Ces explications sont parfaitement recevables. On pourrait également rajouter, mais ceci est parfaitement personnel, que ce pessimisme français s’explique aussi par un bon sens populaire paysan qui perdure dans notre pays. Nos concitoyens peuvent être « simples », parfois peu formés, surtout en économie. Pourtant, leur intelligence est réelle et ils comprennent parfaitement que l’on ne peut pas raser gratis éternellement (même si tous tenteront d’en profiter le plus longtemps possible). Ils comprennent parfaitement que l’on ne peut pas dépenser plus que ce que l’on gagne jusqu’à la fin des temps. Ils savent cela parfaitement quand bien même individuellement vous les trouverez dans la rue pour défendre leurs avantages « à qui ?! ». Je pense donc que l’intelligence paysanne de notre population lui permet de voir se profiler une grande catastrophe financière, ce qui est suffisant pour être pessimiste !
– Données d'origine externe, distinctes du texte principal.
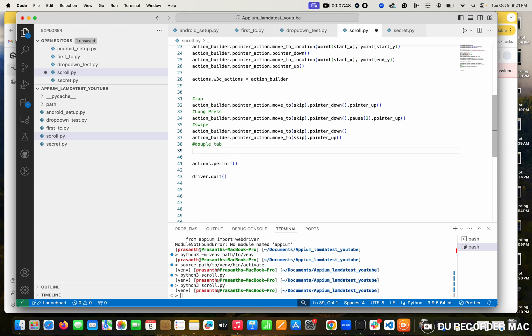I want to cover double tap. Basically this double tap will help you a lot of times. Somewhere we want to click buttons or selections - means you want to use a double tap.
3e argument : la mondialisation peut changer de chemin !
Ici, l’idée défendue par le journal Alternatives Éco, c’est que ce n’est pas parce que la mondialisation actuelle nous est défavorable que l’on ne peut pas en construire une autre ou encore l’améliorer. Alors cela est vrai théoriquement parlant mais pour le moment, les peuples occidentaux ne voient rien venir, si ce n’est leur appauvrissement contre un enrichissement très relatif des populations des pays dits « émergents ». En réalité, la mondialisation profite aux multinationales qui vendent encore très cher ici en produisant le moins cher possible là-bas. Résultat : en 2012, la part de la consommation intérieure chinoise dans le PIB de la Chine est inférieur à 3%, ce qui montre bien que pour le moment les Chinois sont surtout payés en bols de riz. La mondialisation signifie pour le pékin moyen (dans tous les sens du terme) de ne plus mourir de faim. Guère plus, même si c’est déjà beaucoup.
Pour le moment, rien ne permet d’anticiper un changement dans la mondialisation et ce n’est pas le Traité transatlantique qui risque de nous réconcilier avec ce concept. Ce n’est donc pas un argument ni convaincant ni percutant.
4e argument : on n’a pas de pétrole mais on peut avoir des idées !
S’il y a bien un argument éculé, c’est celui-là ! Ce slogan date de mon année de naissance, à savoir 1975 ! Cela fait 38 ans que l’on nous ressort qu’à défaut de pétrole, nous avons des idées. C’est évidemment vrai. Compte tenu de sa taille, notre pays dispose d’une maîtrise technique et d’une capacité d’innovation inégalée dans le monde, y compris aujourd’hui. Pour autant, cela ne nous permet pas de gagner la bataille ni de la croissance ni de l’emploi et cela fait 38 ans que ça dure. Il est à noter également qu’en dépit des aides et des dispositifs de soutien à l’innovation, nos dépôts de brevets sont en diminution constante depuis le début de la crise. L’innovation est une chose complexe et il est très dur de l’encadrer et encore plus difficile de la stimuler ou de la déclencher ! L’innovation ne se décrète pas.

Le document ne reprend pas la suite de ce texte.